Navigate to the end of the file using G. You should see something like:

[2023-02-24 14:41:27] root: INFO: Assembly statistics:

        Total length:   18872828
        Fragments:      1161
        Fragments N50:  20921
        Largest frg:    118427
        Scaffolds:      0
        Mean coverage:  7

[2023-02-24 14:41:27] root: INFO: Final assembly: /home/csuser/cs_course/analysis/assembly/assembly.fasta

There are some basic statistics about the final assembly created.

What is the Assembly output?

If we use ls in the assembly directory we can see the that Flye has created many different files.

00-assembly   20-repeat     40-polishing    assembly_graph.gfa  assembly_info.txt  params.json
10-consensus  30-contigger  assembly.fasta  assembly_graph.gv   flye.log

One of these is flye.log which we have already looked at.

You can see more about the output for Flye in the documentation on GitHub.

Contigs vs. reads

We have seen reads in the raw sequencing data - these are our individual jigsaw pieces.

Contigs (from the word contiguous) are longer fragments of DNA produced after raw reads are joined together by the assembly process. These are like the chunks of the jigsaw puzzle the assembler has managed to complete. Contigs are usually much longer than raw reads but vary in length and number depending on how successful the assembly has been.

Assembly Statistics

Flye gave us basic statistics about the size of the assembly but not all assemblers do. We can use Seqkit to calculate summary statistics from the assembly. We previously used another Seqkit command, seq to Filter our Nanopore sequences by quality. This time we will use the command stats.

Make sure you are in the assembly folder then run seqkit stats on assembly.fasta:

cd ~/cs_course/analysis/assembly/
seqkit stats assembly.fasta

SeqKit is fast so we have run the command in the terminal foreground. It should take just a couple of seconds to process this assembly. Assemblies with more sequencing data can take a bit longer.
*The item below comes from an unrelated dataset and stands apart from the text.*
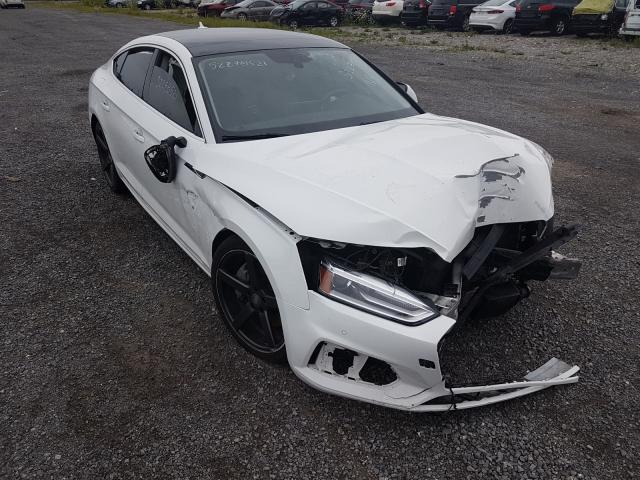 AUDI A5 PREMIUM 2018 with VIN WAUBNCF58JA018298 - Photo from auction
Once it has finished you should see an output table like this:

file            format  type  num_seqs     sum_len  min_len   avg_len  max_len
assembly.fasta  FASTA   DNA      790    11,957,486      511  15,136.1    95,862

This table shows the input file, the format of the file, the type of sequence and other statistics. The assembly process introduces small random variations in the assemly so your table will likely differ slightly. However, you should expect the numbers to be very similar.

Using this table of statistics, answer the questions below.

Exercise 1: Looking at basic statistics

Using the output for seqkit stats above, answer the following questions.

a) How many contigs are in this assembly?
b) How many bases in total have been assembled?
c) What is the shortest and longest contig produced by this assembly?

Solution

From our table:
a) From num_seqs we can see that this assembly is made up of 790 contigs
b) Looking at sum_length we can see that the assembly is 11,957,486bp in total (over 11 million bp!)
c) From min_length we can see the shortest contig is 511p and from max_length the longest contig is 95,862bp

While you’re waiting for the assembly to finish here are some things you might want to read about:

Key Points

  • Assembly merges raw reads into contigs.

  • Flye can be used as a metagenomic assembler.

  • Certain statistics can be used to describe the quality of an assembly.